Perlu diketahui bahwa
begadang tanpa ada kepentingan dibenci oleh Nabi shallallahu ‘alaihi wa sallam.
Diriwayatkan dari Abi Barzah, beliau berkata,
أَنَّ رَسُولَ اللَّهِ – صلى
الله عليه وسلم – كَانَ يَكْرَهُ النَّوْمَ قَبْلَ الْعِشَاءِ وَالْحَدِيثَ بَعْدَهَا
"Rasulullah shallallahu ‘alaihi wa sallam
membenci tidur sebelum shalat ‘Isya dan ngobrol-ngobrol setelahnya.” (HR. Bukhari no. 568)
Ibnu Baththol
menjelaskan, “Nabi shallallahu ‘alaihi wa sallam tidak suka begadang setelah
shalat ‘Isya karena beliau sangat ingin melaksanakan shalat malam dan khawatir
jika sampai luput dari shalat shubuh berjama’ah. ‘Umar bin Al Khottob
sampai-sampai pernah memukul orang yang begadang setelah shalat Isya, beliau
mengatakan, “Apakah kalian sekarang begadang di awal malam, nanti di akhir
malam tertidur lelap?!” Apalagi dengan begadang dapat melalaikan dari
kewajiban shalat wajib dan kewajiban pekerjaan di kantor tidak bisa maksimal.

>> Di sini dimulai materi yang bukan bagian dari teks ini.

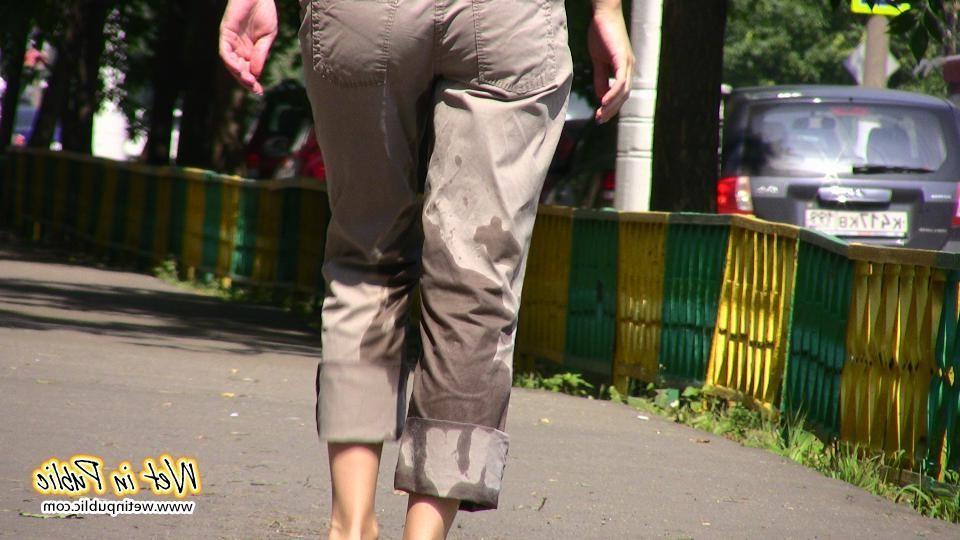 16P Chick wets her pants on the street looking like she forded the river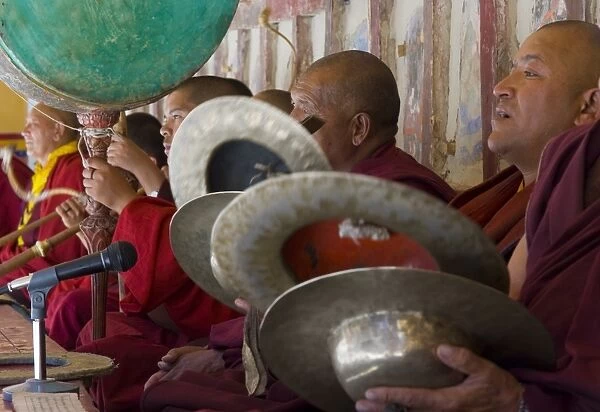 Monks accompanying those dancing with traditional drums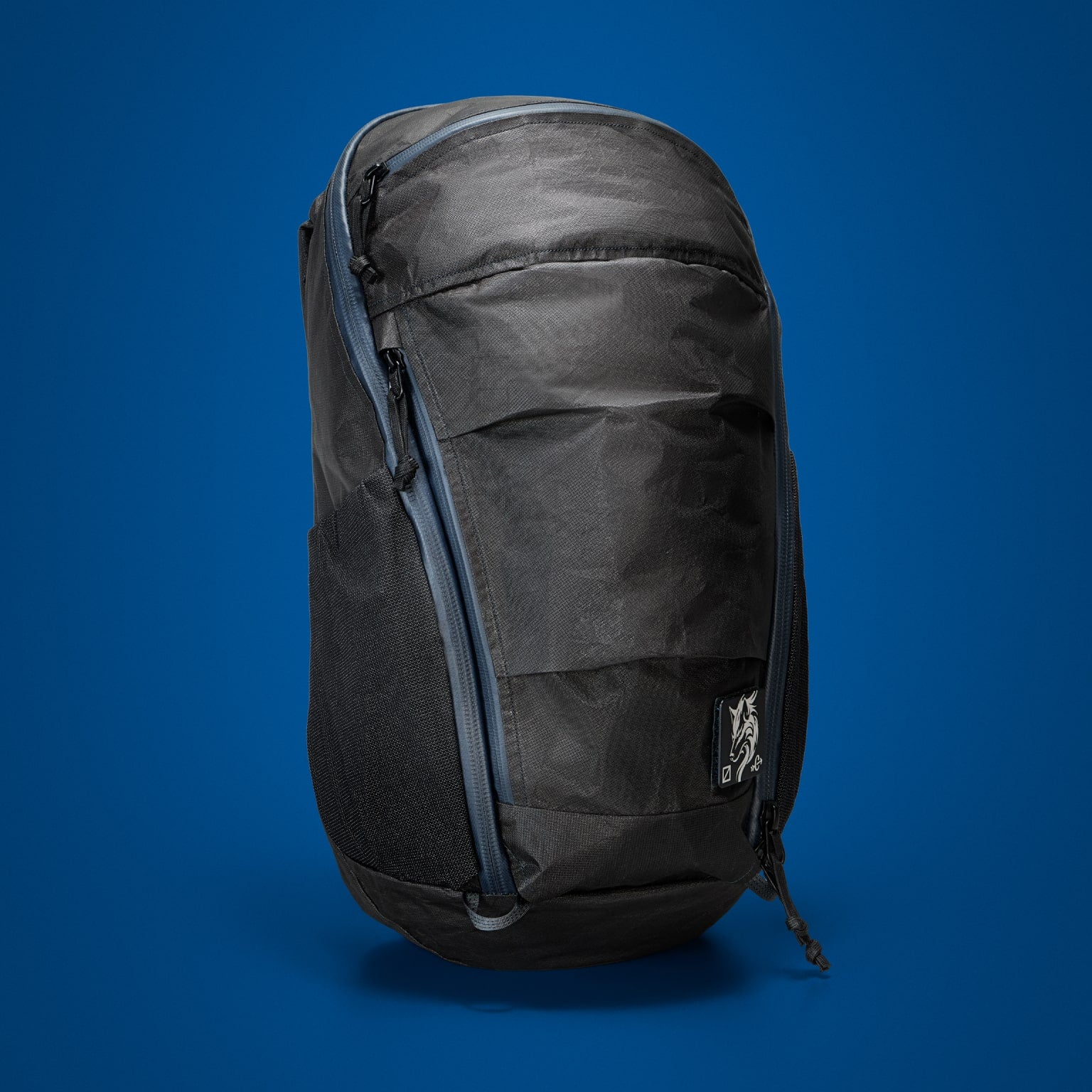 MOUNTAIN Panel Loader 22L in Black Magic. Front of pack on blue background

Renungkanlah dengan hati yang dalam!
Musuh
Allah Jadi Idola
Yang juga penyakit
parah yang menimpa para pecandu bola adalah kecintaan pada non muslim yang
merupakan musuh Allah. Cobalah dilihat, manakah yang dibela ketika di antara
dua klub atau negara yang bertanding, apakah yang didukung agamanya? Tidak sama
sekali, yang didukung bukanlah agama. Pokoknya siapa yang lebih mahir dan lebih
cantik dalam bermain itulah yang didukung. Walaupun itu musuh Allah sekalipun,
itulah yang didukung, bahkan itulah yang jadi idola. Jika non muslim-lah yang
dibela dan jadi idola, maka agamanya lama kelamaan pun bisa turut dibela.

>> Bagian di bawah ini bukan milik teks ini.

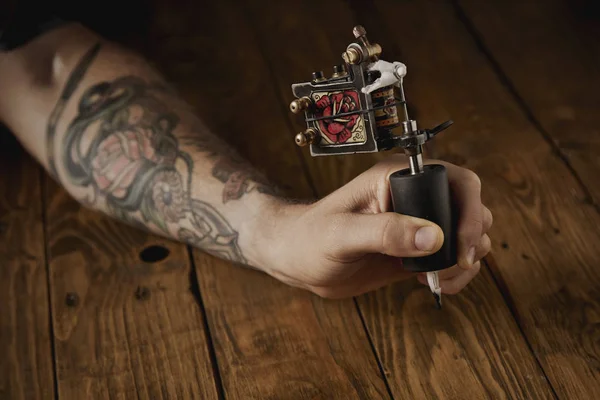 Primer plano de una mano de hombre con pistola de tatuaje — Foto de Stock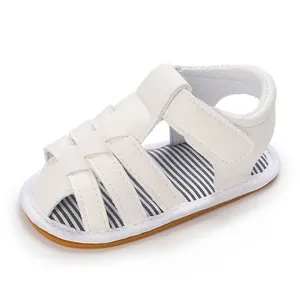 Detalle de sandalias blancas para bebé niño con suela de goma blanda y tiras transpirables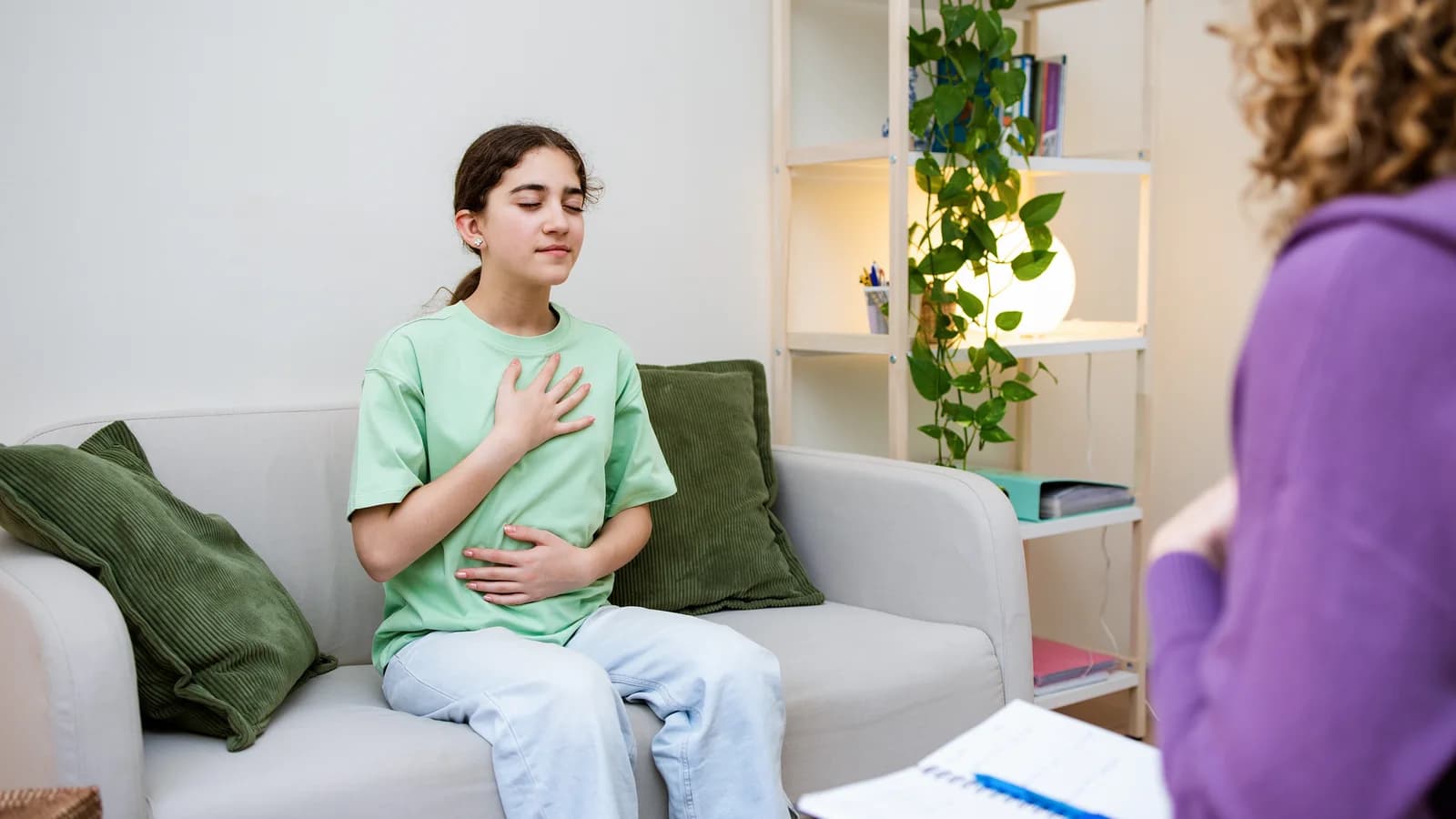 Teen practicing a breathing exercise in therapy for anxiety support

Padahal Allah Ta’ala berfirman,
لا تَجِدُ قَوْمًا يُؤْمِنُونَ بِاللَّهِ وَالْيَوْمِ الآخِرِ يُوَادُّونَ مَنْ حَادَّ اللَّهَ وَرَسُولَهُ
"Kamu
tidak akan mendapati sesuatu kaum yang beriman kepada Allah dan hari akhirat,
saling berkasih sayang dengan orang-orang yang menentang Allah dan Rasul-Nya”
(QS. Al Mujadilah: 22).
Tidakkah kita
renungkan bahwa seseorang akan dikumpulkan dengan orang yang ia cintai dan yang
dijadikan idola. Dari ‘Aisyah radhiyallahu ‘anha, Rasulullah shallallahu
‘alaihi wa sallam bersabda,
لَا يُحِبّ أَحَد قَوْمًا إِلَّا حُشِرَ مَعَهُمْ يَوْم الْقِيَامَة
"Tidaklah
seseorang mencintai suatu kaum melainkan dia akan dikumpulkan bersama mereka
pada hari kiamat nanti.” Bagaimana jika yang
dicintai dan diidolakan adalah pemain bola dan itu non muslim?! Semoga bisa
jadi renungan! Cintailah para Nabi, para sahabat dan orang sholih, maka engkau
akan bahagia berkumpul bersama mereka.
Ini hanyalah nasehat
bagi siapa yang mau menerimanya. Tentunya yang kami inginkan hanyalah kebaikan
bagi saudara-saudara kami. Karena kaum muslimin satu dan lainnya punya
kewajiban untuk saling menasehati. “Aku
tidak bermaksud kecuali (mendatangkan) perbaikan selama aku masih
berkesanggupan. Dan tidak ada taufik bagiku melainkan dengan (pertolongan)
Allah” (QS. Hud: 88).
Hanya Allah yang beri
taufik. Alhamdulillahilladzi bi ni’matihi tatimmush sholihaat.